General characteristics
- Tons burthen: 150, or 192, or 200 (bm)
- Complement: 1803:23; 1804:23; 1806:24;
- Armament: 1803:4 × 4-pounder guns; 1804:14 × 4-pounder guns; 1806:14 × 4-pounder guns; 1809:2 × 4-pounder guns;

= Bedford (1803 ship) =

London slave ship

Bedford arrived in 1803 at London. She then made three complete voyages as a slave ship until the Slave Trade Act 1807 ended British participation in the trans-Atlantic slave trade. During the first of these she repelled an attack by a privateer in a single ship action. From 1808 on she may have traded with Africa; she was last listed in 1814.

==Career==
Bedford first appeared in Lloyd's Register (LR) in 1803.

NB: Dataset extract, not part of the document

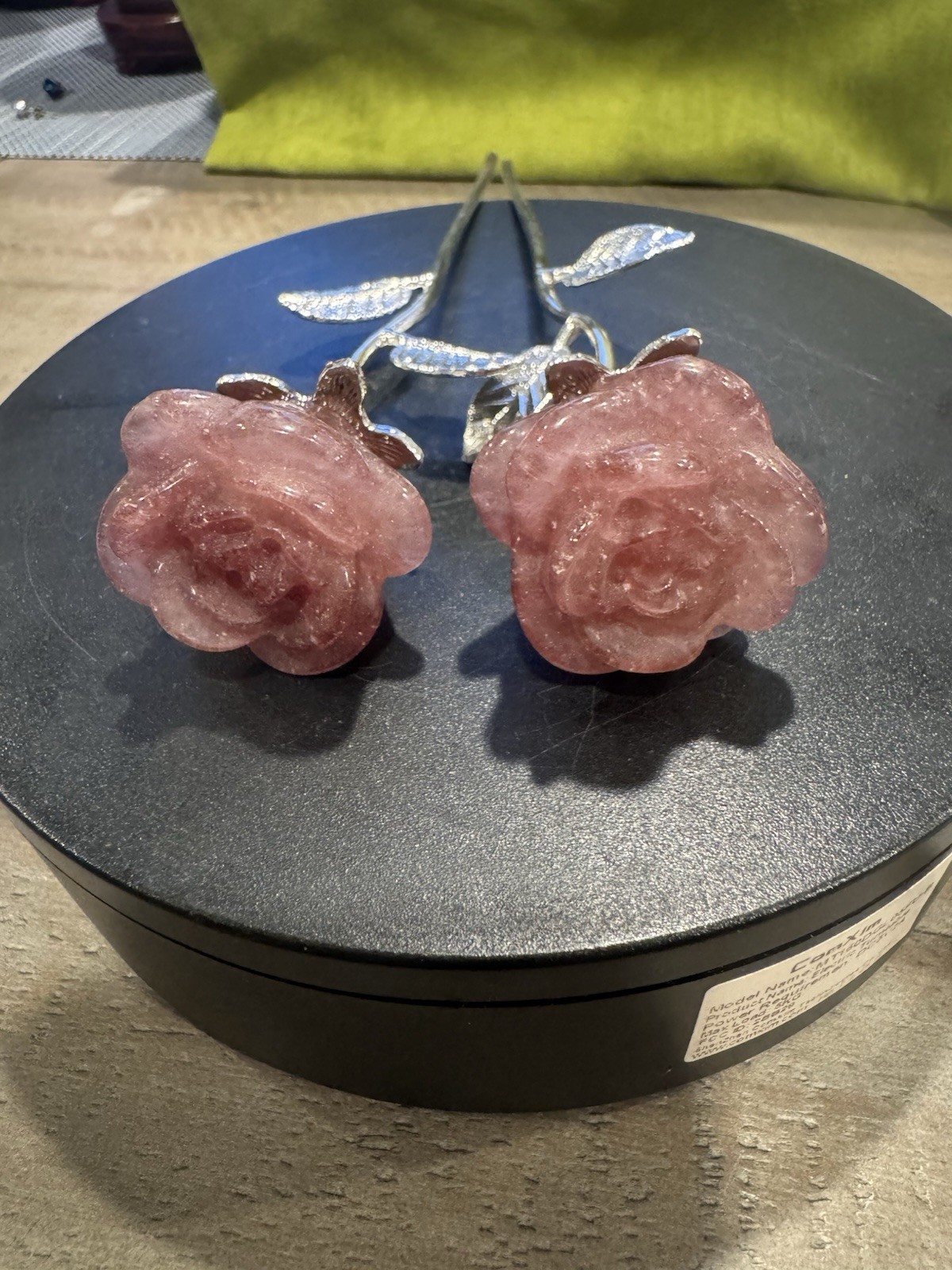 Two Strawberry Quartz Crystal Flowers with Silver Tone Stems 6”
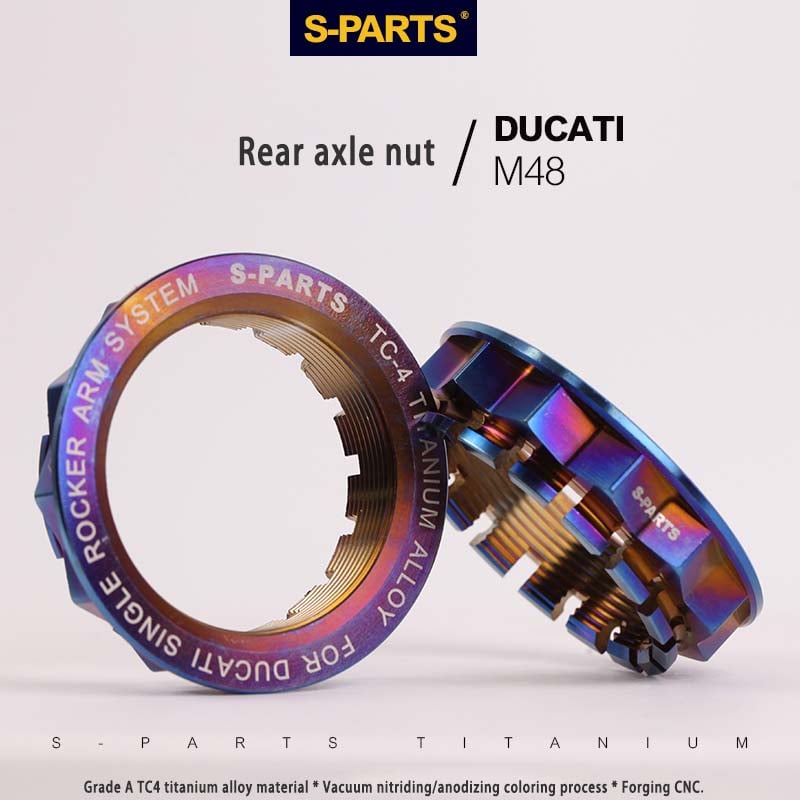 S-parts Écrous d’essieu arrière M48 V4/V2 / ressort de collier Street Fighter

| Year | Master | Owner | Trade | Source |
|---|---|---|---|---|
| 1803 | Lane | Ramsden | London–Africa | LR |

1st slave voyage (1803–1804): Captain William Beamish Lane (or Lain) sailed from London on 4 May 1803. By 19 June Bedford was at Cape Coast Castle. Captain Lane acquired a letter of marque on 29 September. Bedford gathered slaves at the Congo River and then sailed for the West Indies. She stopped at Barbados and then sailed for Demerara. While she was still to windward of Barbados, three privateers chased her. In an engagement that lasted half-an-hour she repelled one that carried eight guns, though she herself carried only four 5-pounder guns. From Demerara she arrived with 221 slaves at Kingston, Jamaica on 28 November 1804. She sailed from Kingston on 30 April and arrived back at London on 26 May.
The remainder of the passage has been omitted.